Anselmo Abílio Vicente, morto a tiros a 9 de Maio de 2026, era coordenador político da cidade de Chimoio, do partido Aliança Nacional para um Moçambique Livre e Autónomo (ANAMOLA), e regressava de uma actividade política na cidade do centro de Moçambique.
“Malogrado revolucionário”, natural da Zambézia, filiou-se na ANAMOLA em Fevereiro de 2025, após se ter destacado nas manifestações pós-eleitorais naquela cidade, tendo sido eleito coordenador em Dezembro daquele ano.
Demonstrou, desde cedo, um espírito de militância e um firme compromisso partidário, o que lhe valeu a confiança política para desempenhar tarefas de relevo, como o levantamento estatístico de membros mortos durante as manifestações.
Coordenou acções de mobilização massiva de membros e implantou várias bases políticas nos bairros da urbe.

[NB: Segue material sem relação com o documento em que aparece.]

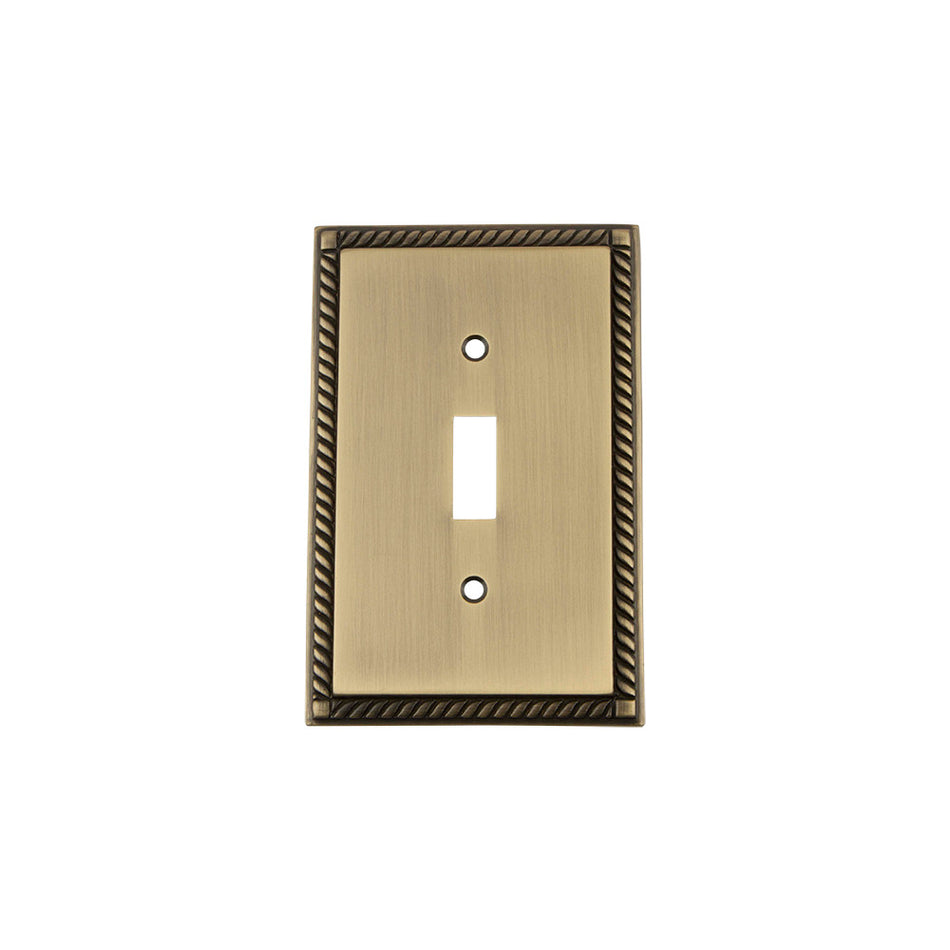 Nostalgic Warehouse 719746: Rope Single Toggle Switchplate - Antique Brass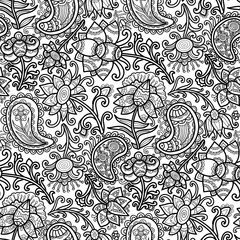 Black and white swirl pattern, doodle. Seamless floral pattern-930.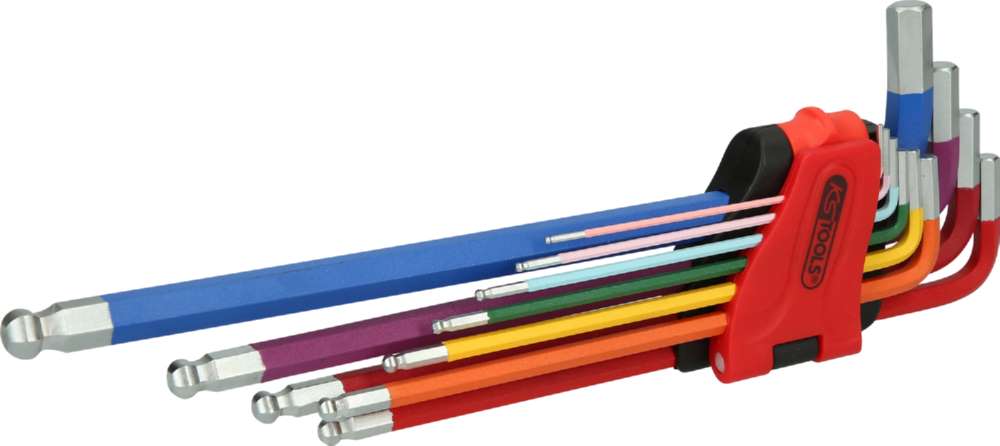 Produktbild KS Tools Winkelstiftschlüsselsatz Kugelkopf Innensechskant extra lang 9 Teile Zoll bild 3
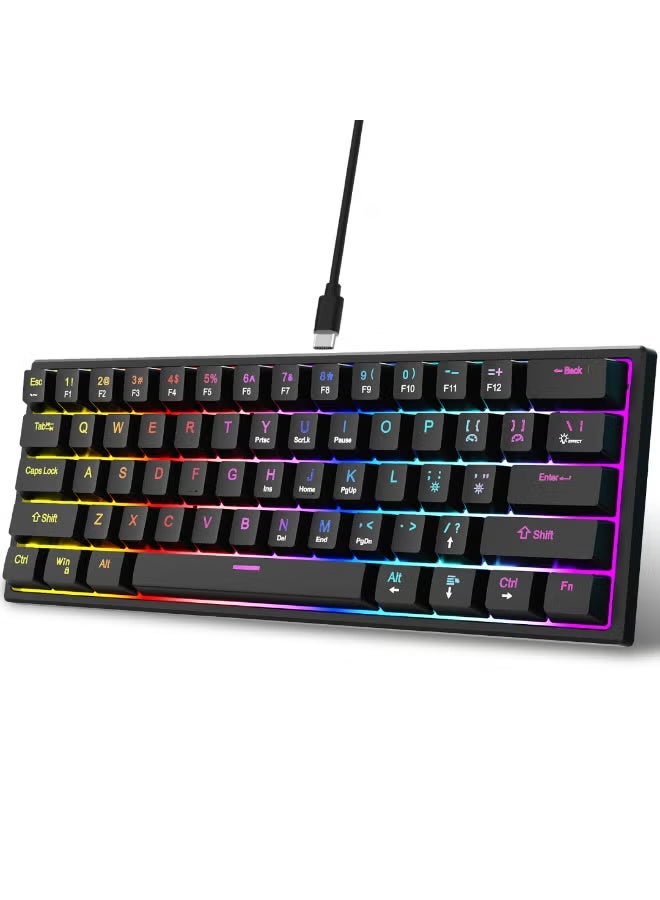 Gigamax GM800 60% Mechanical Gaming Keyboard with Blue Clicky Switches – Compact 61 Keys with RGB Backlight for Gaming & TypingPortable Wired Keyboard with Arabic & English Layout – Ergonomic Design, USB-C Plug & Play for PC, Laptop & Windows - Image 1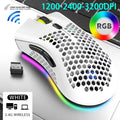 BM600 Rechargeable USB Wireless RGB Light Honeycomb Gaming Mouse Zpaxo White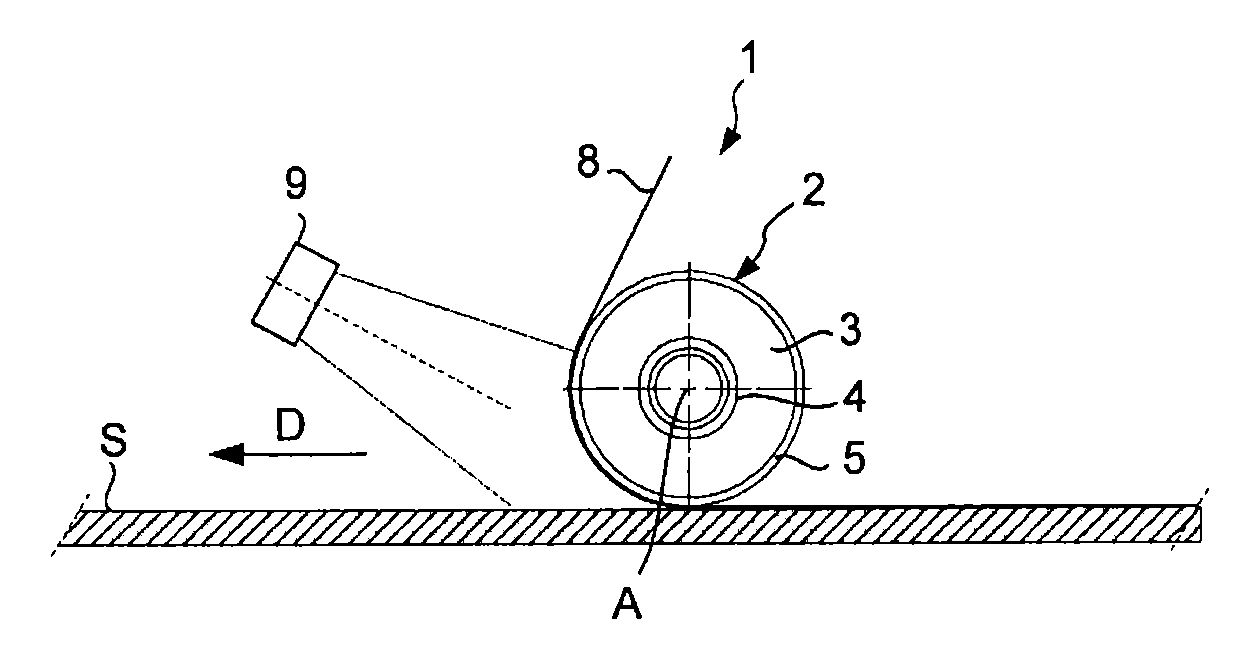 Fiber application machine comprising a flexible compacting roller with a thermal regulation system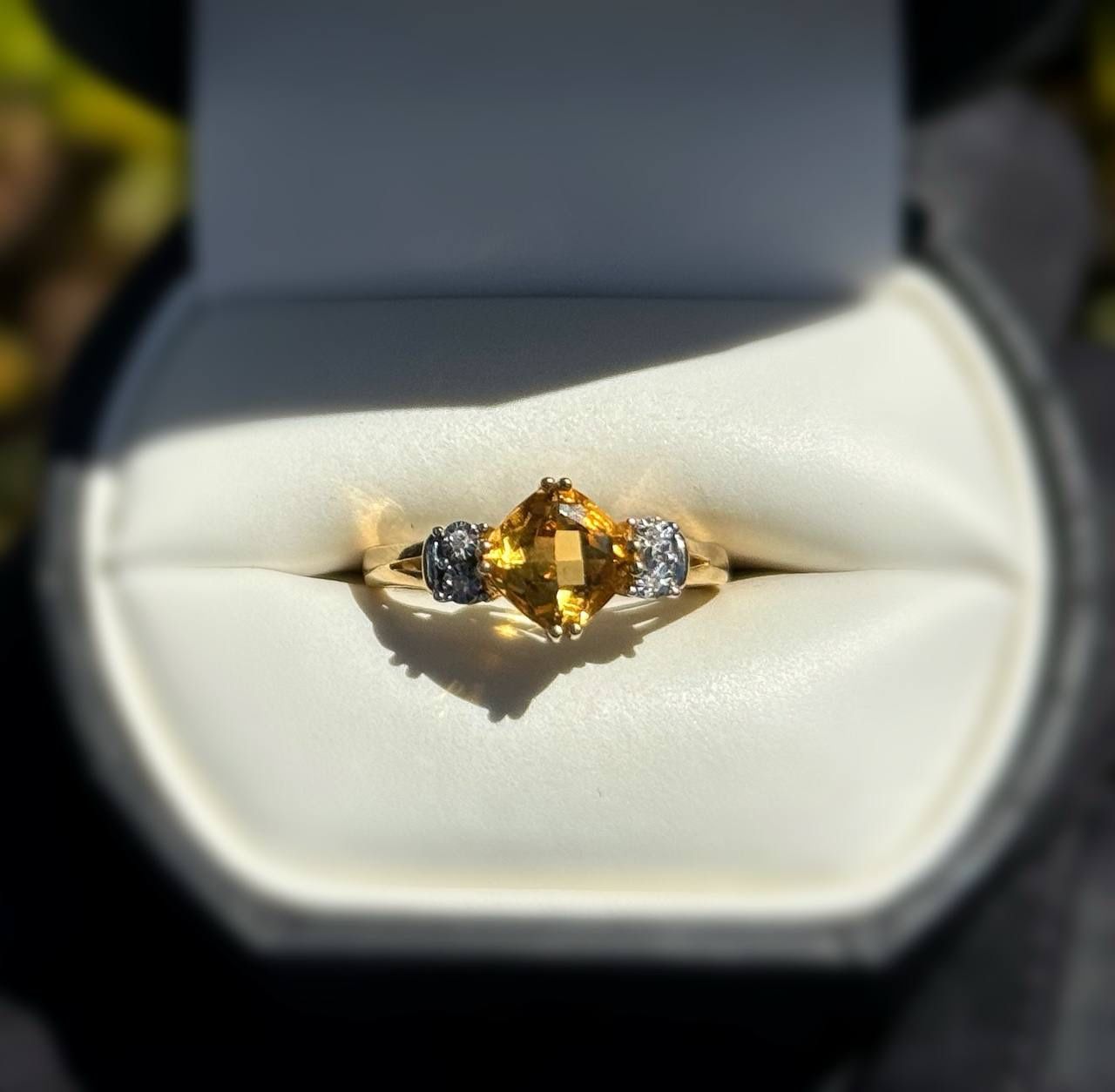 Jewelry 10k solid yellow gold citrine diamonds  1.31CTW ring sz 7.25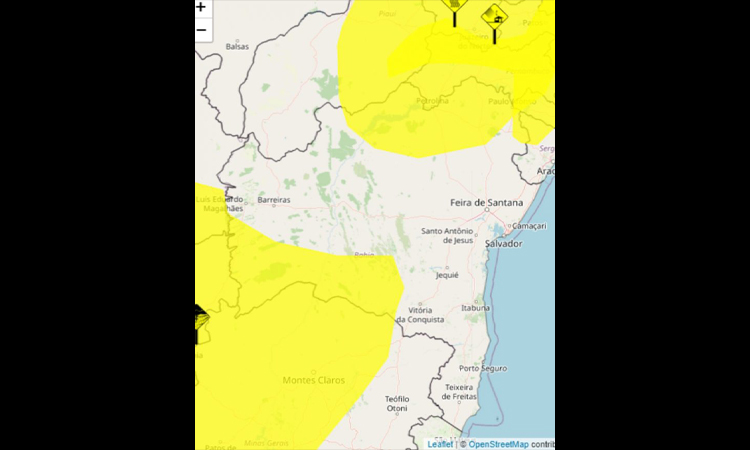 Brumado, Aracatu, Malhada de Pedras e outros municípios da região entram em alerta para risco de chuvas intensas, afirma o Inmet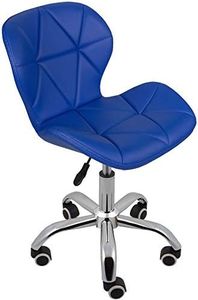 Charles Jacobs Home Office Swivel Computer Desk Chair with a Height Adjustable Chrome base and Wheels - Blue PU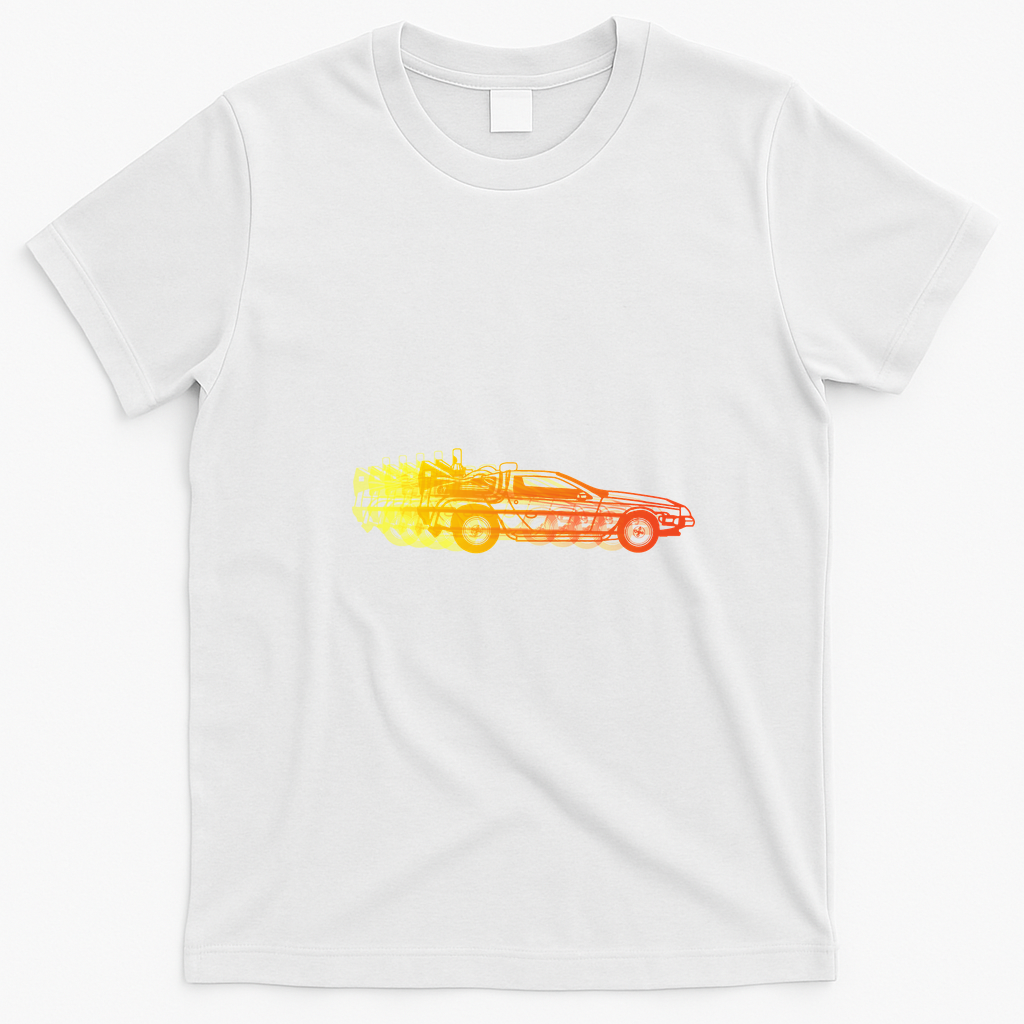 DeLorean Time Machine Retro Graphic Tee - White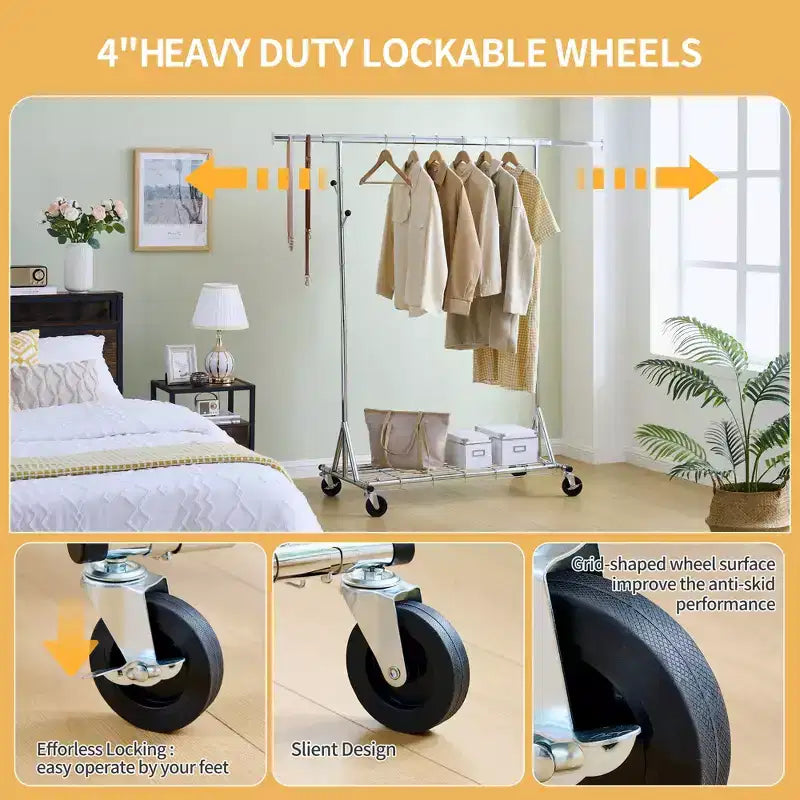 Portant à vêtements roulant robuste de 68, capacité de 600LBS, portant commercial pliable en fer (portant portable pour chambre)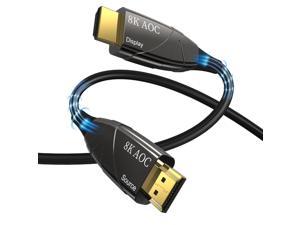 8K Fiber Optic Hdmi 2.1 Cable 33Feet,AUBEAMTO Supports 8K@60Hz 4K@120Hz Ultra High Speed 48Gbps Dynamic HDR, eARC,ARR, Dolby Atmos, Compatible with PS5, Xbox Series X, UHD TV-Gold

“A sua capacidade de liderança e a entrega abnegada e incansável na consolidação do partido”, a nível de Chimoio, conquistaram a admiração entre os “revolucionários”.
Perante este acto bárbaro e condenável, a coordenação política provincial da ANAMOLA manifesta o seu repúdio e apela às autoridades competentes para que investiguem e procedam ao rápido esclarecimento deste crime.
“Entretanto, morreu um revolucionário, mas não morreu a revolução. Por isso, reiteramos: podem-nos matar, mas não vamos desistir”, diz a ANAMOLA.
O malogrado deixa uma viúva e cinco filhos.
Anselmo Vicente destacou-se nas manifestações por ter gravado um vídeo que se tornou viral nas redes sociais, enquanto usava uma farda da UIR, apoiando fervorosamente as manifestações e apelando ao uso da força para não conter a manifestação.
Após investigação do episódio, a Polícia abriu uma investigação interna, que culminou com um processo judicial, em que Anselmo Vicente tornou-se uma peça-chave para se averiguar o proprietário do uniforme que vergava no vídeo, explicou ao SAVANA uma fonte ligada ao processo.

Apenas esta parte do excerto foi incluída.